Note If your local environment is Apple Silicon (darwin/arm64
) use the go/v4
plugin which provides support for this platform by adding to the init subCommand the flag --plugins=go/v4
To learn about the project directory structure, see Kubebuilder project layout doc.
A note on dependency management
operator-sdk init
generates a go.mod
file to be used with Go modules. The --repo=<path>
flag is required when creating a project outside of $GOPATH/src
, as scaffolded files require a valid module path. Ensure you activate module support by running export GO111MODULE=on
before using the SDK.
Manager
The main program for the operator main.go
initializes and runs the Manager.
See the Kubebuilder entrypoint doc for more details on how the manager registers the Scheme for the custom resource API definitions, and sets up and runs controllers and webhooks.
The Manager can restrict the namespace that all controllers will watch for resources:
mgr, err := ctrl.NewManager(cfg, manager.Options{Namespace: namespace})
By default this will be empty string which means watch all namespaces:
mgr, err := ctrl.NewManager(cfg, manager.Options{Namespace: ""})

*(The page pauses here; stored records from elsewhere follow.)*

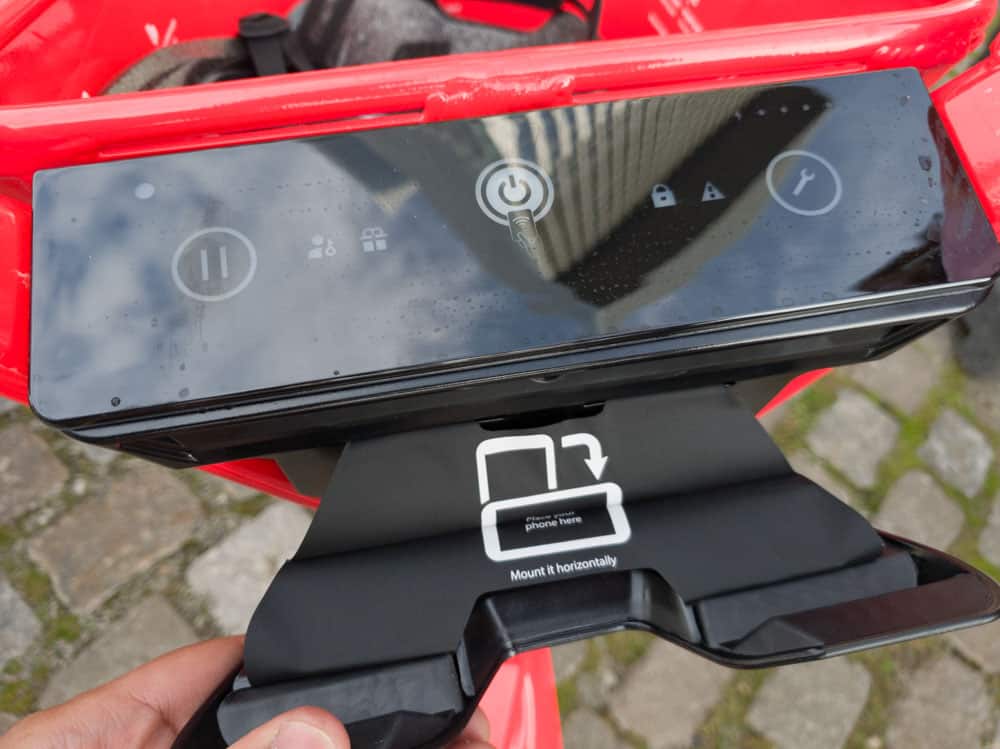 JUMP electric bicycles are equipped with phone holders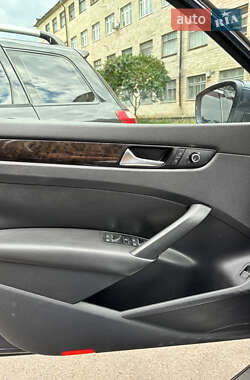 Седан Volkswagen Passat 2014 в 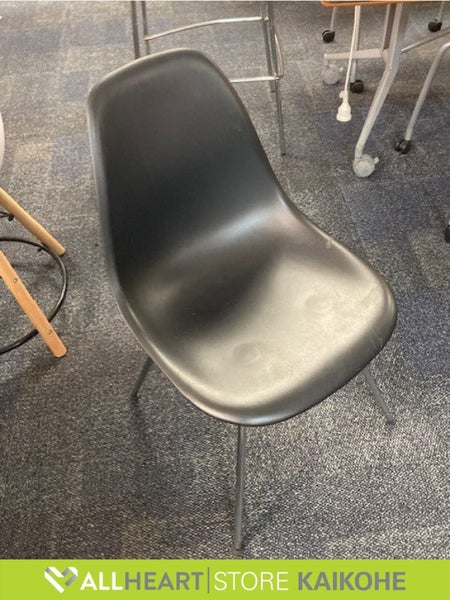 Moulden Plastic Chair/Seat Carousel 1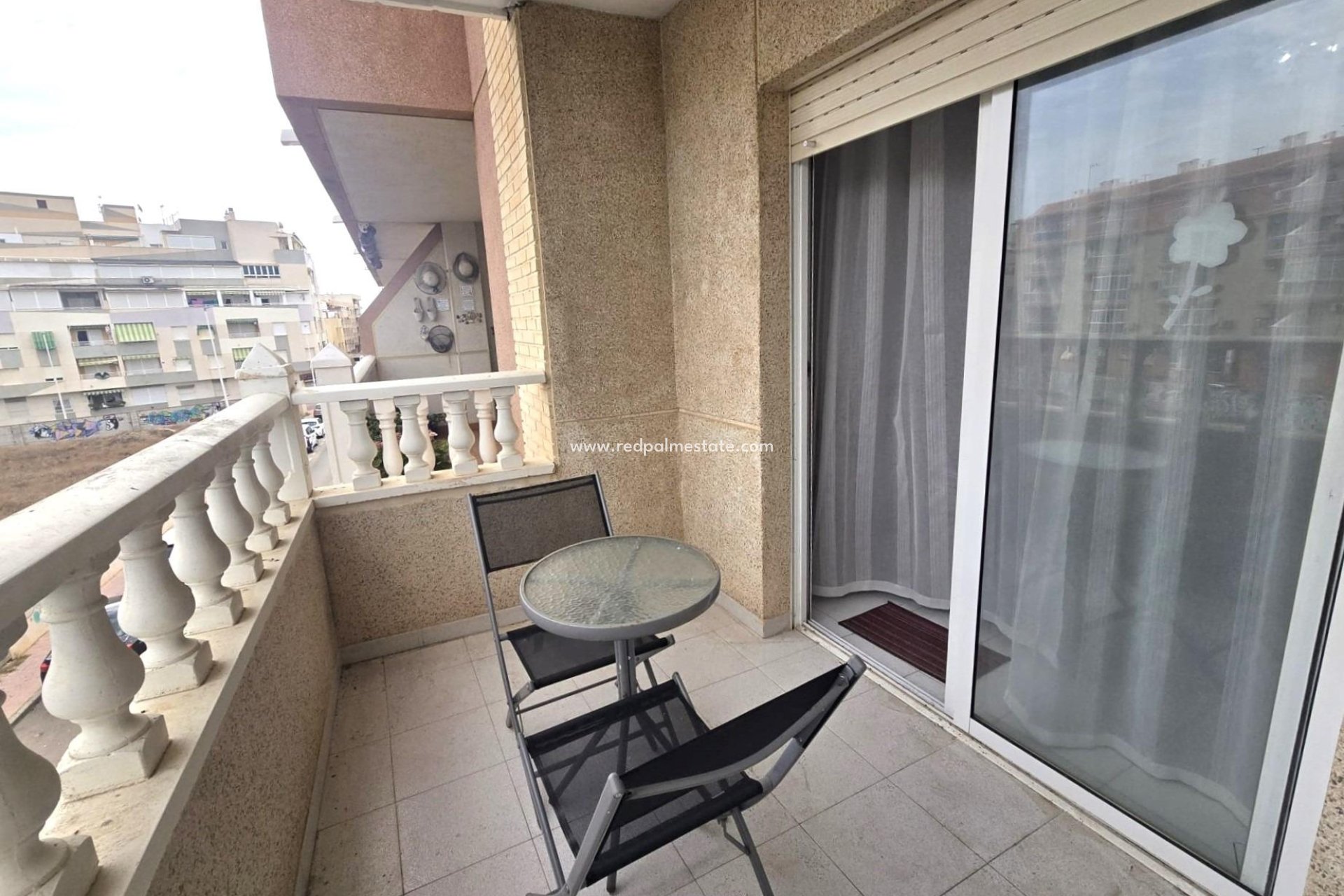 Reventa - Apartamento -
Torrevieja - La Mata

Read the operator scope documentation on how to run your operator as namespace-scoped vs cluster-scoped.
Create a new API and Controller
Create a new Custom Resource Definition (CRD) API with group cache
version v1alpha1
and Kind Memcached.
When prompted, enter yes y
for creating both the resource and controller.

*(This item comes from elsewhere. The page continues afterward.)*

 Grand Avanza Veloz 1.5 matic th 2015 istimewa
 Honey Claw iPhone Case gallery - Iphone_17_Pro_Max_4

$ operator-sdk create api --group cache --version v1alpha1 --kind Memcached --resource --controller
Writing scaffold for you to edit...
api/v1alpha1/memcached_types.go
controllers/memcached_controller.go
...
This will scaffold the Memcached resource API at api/v1alpha1/memcached_types.go
and the controller at controllers/memcached_controller.go
.
Note: In this tutorial we will be providing all the steps to show you how to implement an operator project. However, as a follow up you might want to check the Deploy Image plugin with which it is possible to have the whole code generated to deploy and manage an Operand(image). To do so, you can use the command $ operator-sdk create api --group cache --version v1alpha1 --kind Memcached --plugins="deploy-image/v1-alpha" --image=memcached:1.4.36-alpine --image-container-command="memcached,-m=64,modern,-v" --run-as-user="1001"

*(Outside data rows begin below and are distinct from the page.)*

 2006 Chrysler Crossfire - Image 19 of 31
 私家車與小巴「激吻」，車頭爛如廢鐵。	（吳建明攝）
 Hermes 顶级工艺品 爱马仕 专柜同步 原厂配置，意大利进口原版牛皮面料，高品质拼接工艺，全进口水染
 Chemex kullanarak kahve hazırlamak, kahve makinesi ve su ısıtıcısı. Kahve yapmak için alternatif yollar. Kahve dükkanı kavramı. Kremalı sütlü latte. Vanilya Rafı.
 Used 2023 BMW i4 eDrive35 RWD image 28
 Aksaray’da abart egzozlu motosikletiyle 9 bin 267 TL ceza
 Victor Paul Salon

Note: This guide will cover the default case of a single group API. If you would like to support Multi-Group APIs see the Single Group to Multi-Group doc.
Understanding Kubernetes APIs
For an in-depth explanation of Kubernetes APIs and the group-version-kind model, check out these kubebuilder docs.
In general, it’s recommended to have one controller responsible for managing each API created for the project to properly follow the design goals set by controller-runtime.
Define the API
To begin, we will represent our API by defining the Memcached
type, which will have a MemcachedSpec.Size
field to set the quantity of memcached instances (CRs) to be deployed, and a MemcachedStatus.Conditions
field to store a CR’s Conditions.
Define the API for the Memcached Custom Resource(CR) by modifying the Go type definitions at api/v1alpha1/memcached_types.go
to have the following spec and status:
// MemcachedSpec defines the desired state of Memcached
type MemcachedSpec struct {
// INSERT ADDITIONAL SPEC FIELDS - desired state of cluster
// Important: Run "make" to regenerate code after modifying this file
// The following markers will use OpenAPI v3 schema to validate the value
// More info: https://book.kubebuilder.io/reference/markers/crd-validation.html
// +kubebuilder:validation:Minimum=1
// +kubebuilder:validation:Maximum=5
// +kubebuilder:validation:ExclusiveMaximum=false
// Size defines the number of Memcached instances
// +operator-sdk:csv:customresourcedefinitions:type=spec
Size int32 `json:"size,omitempty"`
// Port defines the port that will be used to init the container with the image
// +operator-sdk:csv:customresourcedefinitions:type=spec
ContainerPort int32 `json:"containerPort,omitempty"`
}
// MemcachedStatus defines the observed state of Memcached
type MemcachedStatus struct {
// Represents the observations of a Memcached's current state.
// Memcached.status.conditions.type are: "Available", "Progressing", and "Degraded"
// Memcached.status.conditions.status are one of True, False, Unknown.
// Memcached.status.conditions.reason the value should be a CamelCase string and producers of specific
// condition types may define expected values and meanings for this field, and whether the values
// are considered a guaranteed API.
// Memcached.status.conditions.Message is a human readable message indicating details about the transition.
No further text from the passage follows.